Report predicts maize crop drop in 2016/17

29Mar 2016
The Guardian Reporter
The Guardian
Report predicts maize crop drop in 2016/17
  • • The US Department of Agriculture attributes the decline in maize production to erratic and below average rainfall, political instability in the region and increased consumption due to higher demand in refugee camps

The maize crop in 2016/17 is expected to be lower by 8.2 per cent largely due to vagaries of nature. The drop however will not affect the food situation in the country, according to a new report by staff of the US Department of Agriculture (USDA).

The availability of the staple crop will also be complicated by political instability in some neighbouring countries, but the supply shortcoming will be offset by imports.

According to the 2016 Tanzania Corn, Wheat and Rice Report prepared by Benjamin Mtaki, total output will decrease to 5.5 million tonnes from six million tonnes harvested during the 2015/16 year.

Total supply during the period will reach 6.9 million tonnes from the previous level of 6.7 million tonnes.

USDA said the report, which assesses commodity and trade issues, does not necessarily reflect the US government’s policy.

“In the marketing year 2016/17, maize production is expected to decrease due to erratic and below average rainfall that are forecast by the Tanzania Meteorology Agency (TMA) in key growing regions,” the report reads.

The key growing areas of maize in the country are Iringa, Mbeya, Ruvuma, Rukwa, Tanga, Kilimanjaro, Kagera, Morogoro, Arusha and Manyara regions. Small-scale farmers produce 85 per cent of national production while medium and large-scale farmers make up ten and five per cent respectively.

The report also has it that the area under maize production is forecast to increase in 2016/2017 due to implementation of the Big Results Now (BRN) programme. The goal of BRN is to increase maize production by 100,000 ha per year beginning 2015/2016, and reach 350,000 ha in commercial production and 330,000 ha in smallholder production by 2025.

The USDA report forecasts maize consumption to increase due to higher demand in refugee camps but also says the demand will be met by local production. It also has it that consumption of wheat and rice will surpass production resulting in a deficit that will be offset by imports.
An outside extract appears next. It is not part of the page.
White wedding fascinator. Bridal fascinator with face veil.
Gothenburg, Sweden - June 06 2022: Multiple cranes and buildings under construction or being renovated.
“Corn consumption is forecast to increase in year 2016/2017, partly because of the increase in demand in refugee camps arising from the political crisis in Burundi and the Democratic Republic of Congo (DRC),” the department notes in the report.

The country is expected to import 20,000 metric tonnes of the crop during the season. Minimal reported imports are expected from neighbouring countries due to informal cross-border trade, it said.

Bank of Tanzania (BoT) figures show that the food and foodstuffs imports amounted to US$541.7 million compared to US$632.6 million. During the year, the value of imports declined to US$12.4 billion from US$13.5 billion in 2014.

The US report says maize exports to neighbouring countries are expected to remain flat at around 400,000 metric tonnes. According to it, maize is a primary staple crop in Tanzania of high priority to the government.